Sunday, August 29
The Pollock-Krasner House and Study Center’s summer lecture series at The Fireplace Project concludes on Sunday, August 29, at 5:00 pm with Philip Eliasoph, an authority on Magic Realism and egg tempera painting. His illustrated talk, “Swept Away: Re-thinking Realist and Abstract Painters in the Wake of Ideological Hurricanes,” will examine the period from 1944-1954, when force 3 hurricanes slammed into the Hamptons and American painting was irreversibly transformed.

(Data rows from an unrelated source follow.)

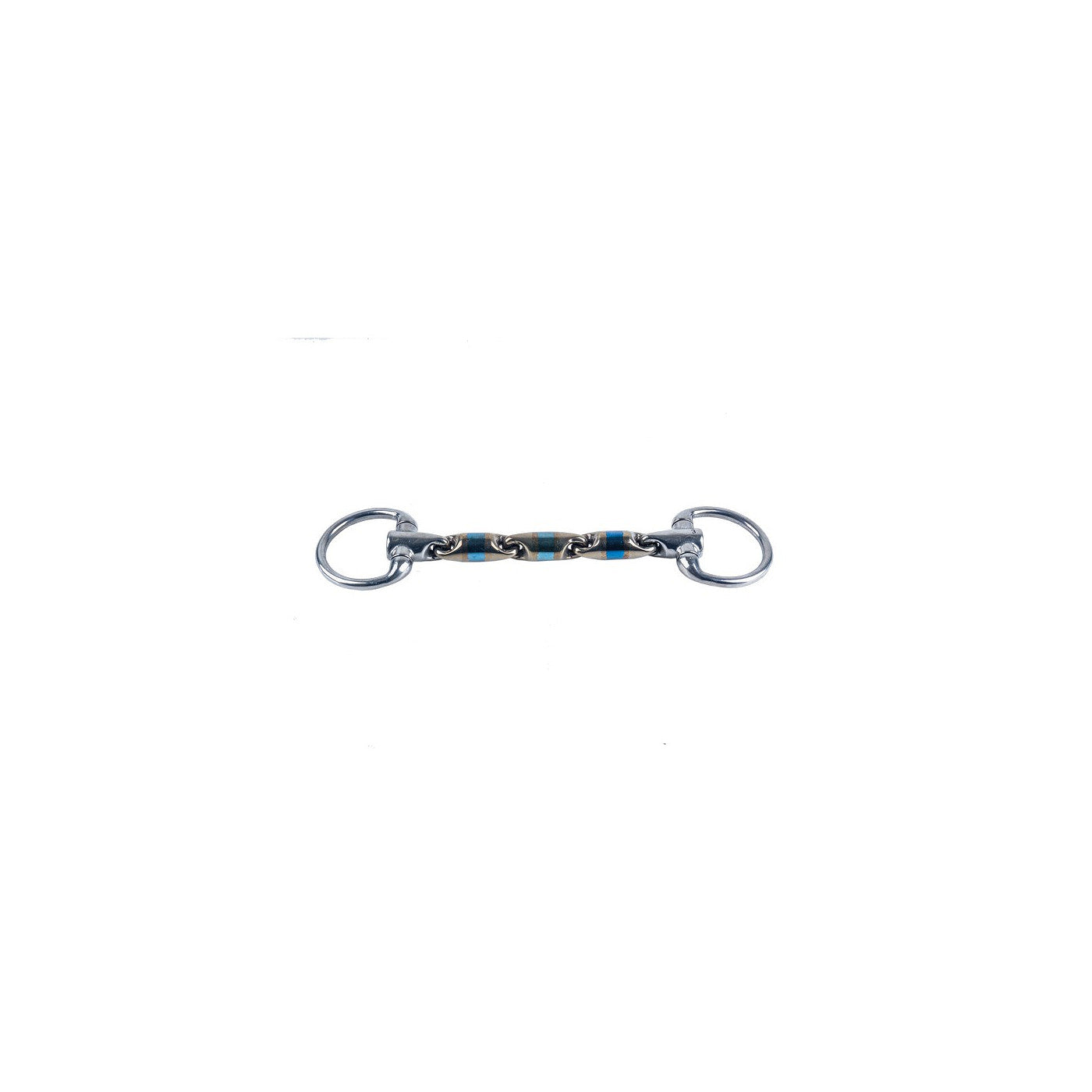 Trust Sweet Iron Olivenkopf UnterlegTrense - waterford - 16 mm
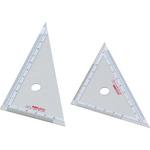 三角定規(10cm) アーテック(学校教材・教育玩具)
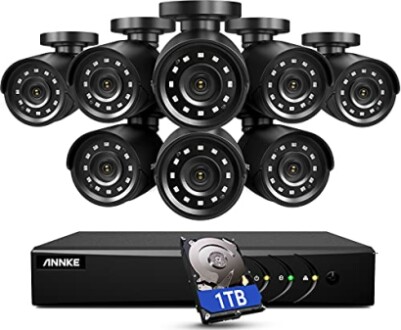 ANNKE 3K Lite Security Camera System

The Great Atlantic hit on September 15, 1944, and ten years later Carol on August 31 and then Edna on September 11. Meanwhile an aesthetic storm about the directional current of art was raging in the artists’ studios and watering holes, and the pages of the art press. Eliasoph has been a champion of the “lost generation” of realists who were swept away by the rising tide of Abstract Expressionism. He will argue that we are now capable of viewing Hopper and Rothko, Wyeth and de Kooning, Rockwell and Pollock as equally representative of the mid-20th century zeitgeist.
Eliasoph is a professor of Art History at Fairfield University. His doctoral dissertation, “Paul Cadmus: Life & Work,” was the first revisionist look at the 1930s social satirist, whose homo-erotic imagery pushed him off the mainstream agenda. Eliasoph organized the artist’s only retrospective and published a groundbreaking catalog on Cadmus’ career in 1981. He was a consulting producer for the award winning film “Paul Cadmus: Enfant Terrible at 80,” and won the CINE-Golden Eagle for documentary film making for “Robert Vickrey: Lyrical Realist,” both broadcast on PBS. Currently he serves as a commissioner for the Connecticut Commission for Culture and Tourism, and as senior arts editor of VENU Arts Magazine in Connecticut.
The lecture will be held at The Fireplace Project, a contemporary art gallery at 851 Springs-Fireplace Road, just north of the Pollock-Krasner House. Admission is $5 ($4 for Pollock-Krasner House members). Reservations are not required.